The Defense Information Systems Agency is taking an interesting approach as it transitions from its former role as the sole broker for the DoD commercial cloud market and into something more like a cloud sherpa for the rest of the military.
A few days ago, DISA released what it termed a “best practices guide” for DoD cloud mission owners. Its appearance on the agency’s information assurance website is notable in that it’s a serious departure from the prescriptive security-related documents usually published there, a fact reinforced by the big red letters and bold fonts in the first few pages of the guide emphasizing that its content is NOT to be interpreted as official DoD policy, mentions of particular vendors are not endorsements of their services, etc.
The document is partially a Cloud 101 introduction for potential DoD buyers who haven’t seriously contemplated commercial cloud and partially a compilation of the lessons learned by other DoD IT officials who’ve actually migrated some of their systems to commercial cloud services.
Most of the technical details are well beyond the scope of the Reporter’s Notebook, but by way of high-level examples, DISA describes strategies to allocate .mil IP addresses to IT systems operating in commercial cloud environments, various plusses-and-minuses of using Infrastructure as a Service offerings to provide offsite backup services and potential pitfalls in estimating how much bandwidth an agency might have to pay for once they move their services to the cloud.
Maybe most importantly, the 23-page document also describes the security hurdles Defense agencies and vendors will need to clear on their way to the cloud – in fairly plain language – in order to comply with DoD cybersecurity standards.
With respect to cloud computing, DISA remains in charge of creating those standards through its still-evolving security requirements guides and security technical implementation guides, just as it does for most forms of IT used in the Defense Department.

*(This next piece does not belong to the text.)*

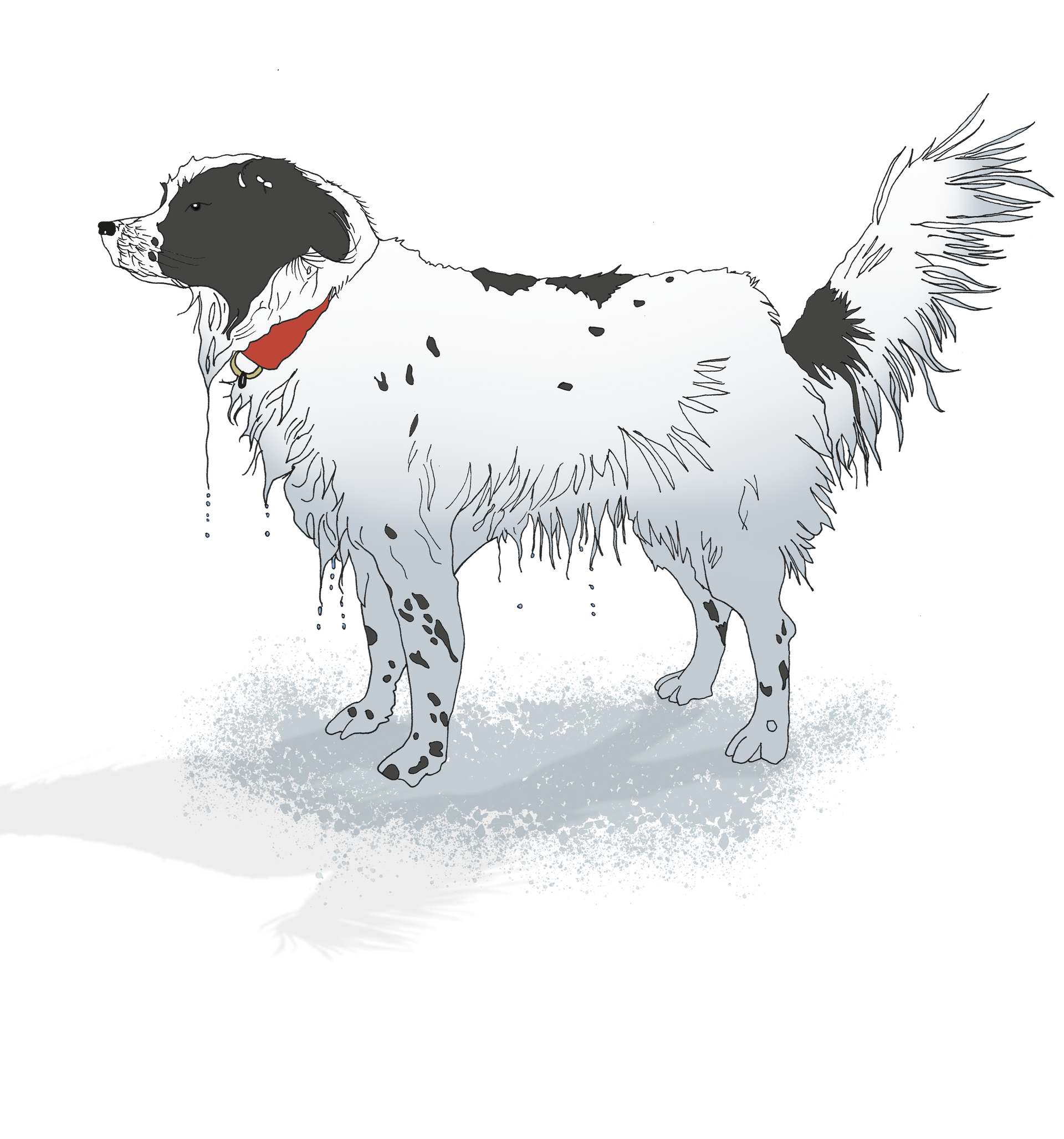 A black and white dog with a red collar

But the authority to procure cloud services was given back to military departments and agencies in December of last year.
The fact that the agency published the guide in unclassified form is an obvious plus in the sense that cloud vendors now have some more insight into how the department views the utility of commercial cloud computing and how it’s been employed thus far. To whatever extent DISA’s new guide is helpful to DoD folks out there who are pursuing the DoD CIO’s admonition to make more use of “secure enough” commercial cloud, I’d be interested in hearing your views.
But it’s at least noteworthy that DISA took the time to put together what appears to my layman’s eyes to be a pretty practical guide, including how to navigate its own security standards, which, while simpler than they used to be, probably still look a bit byzantine and intimidating for an IT mission owner who already has a perfectly-functional system operating on government-owned-and-operated infrastructure, no matter how inefficiently.